In the midst of antiquity are the classic inferences to the fine cotton muslin in which the Egyptian mummies dating back to time immemorial were wrapped, and some say these could have been obtained from ancient Bengal., leading to a flourishing trade environment in Bengal.

I visited the Bangladesh National Museum to know more about the history of Muslin.
Image: Wikimedia Commons

The Excellence of ‘’Mulmul’’ or muslin produced on the Dhaka looms led it to be characterized as a form of art by Mughal patronage. It achieved a uniqueness which has remained unparalleled among craftsmen all over the world.  When woven for royalty, the muslin was called ‘’Mulmal’’ khas  and the viceroys who placed orders for the Emperor gave it poetic names such as Ab-e-rawan (running water), Shabnam (evening dew) and Sharbati (wine-like) .

Most Specialty Dhaka Muslin Cloth has a unique translucence. A n urban legend recounts how a nobleman on horse-back was chased by a weaver asking him to stop his galloping horse. When the nobleman did, asking why, the weaver showed him twenty yards of delicate textile spread across the grass, which was not visible to  the naked eye. A complete garment can be kept in a small match box and can even be passed through a ring!

A village called Noapara of Bangladesh producing Jamdani and Muslin, nestled on the banks of a tributary of the Sitalakhya river(Dhaleshwari) gives one an inkling of what still makes the magic of Jamdani weaving possible. Sadly, the ancient cotton fiber used to make this cloth is no longer available. This most precious art was destroyed long ago by the British Empire when they came over to rule the country.

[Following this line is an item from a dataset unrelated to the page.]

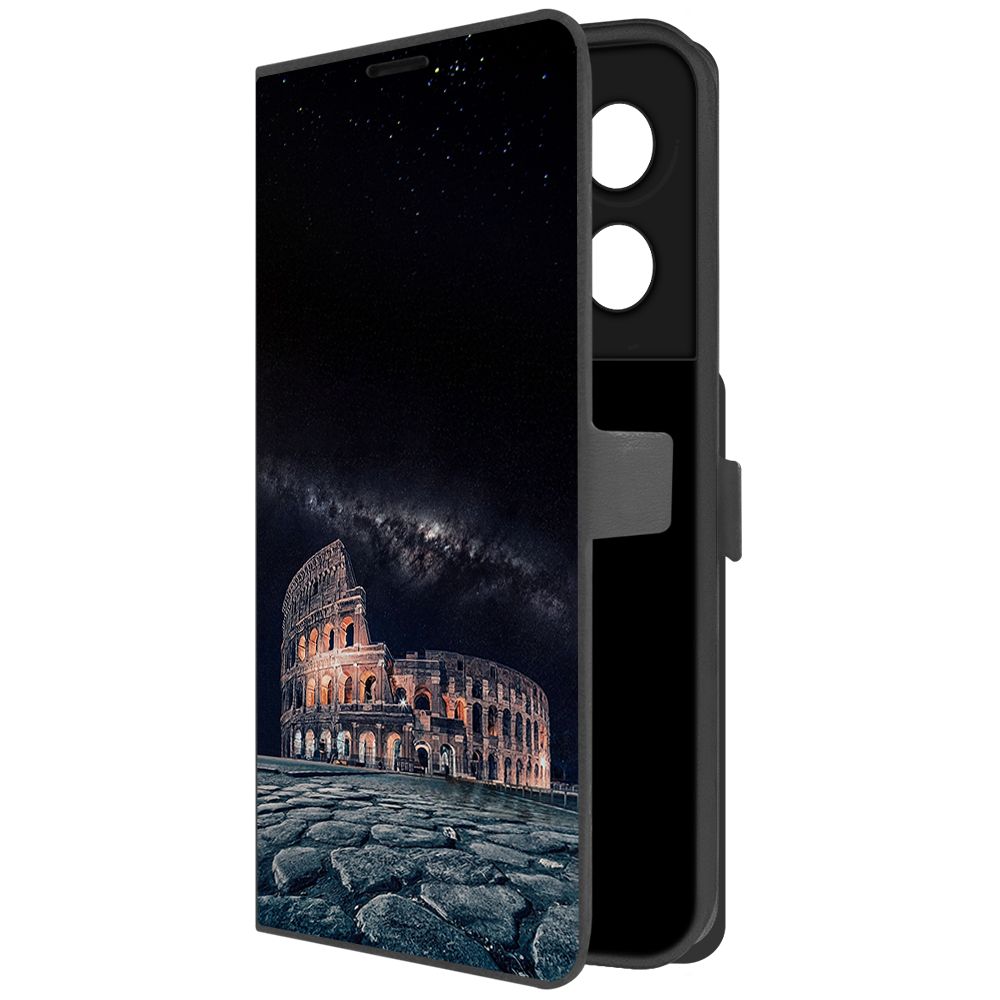 

Чехол-книжка Krutoff Eco Book для Vivo Y27s Италия, Колизей (черный)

Undoubtedly the specialty of Dhaka muslin is linked to the acuity of the Dhaka weaver. The journey from flimsy gossamer weaves to diaphanous muslin and jamdanis can only be explained by the inner quality of the weaver himself; his gift to work the loom and the material he handles. Thus, even today the weavers of Dhaka in Noapara village in Narayanganj of Bangladesh, and their families reside in the same area, along the banks of the same rivers, and use the same simple looms to exercise magical touch. Nowhere else in the whole subcontinent, or anywhere else in the world, has such fine fabric been woven by mankind.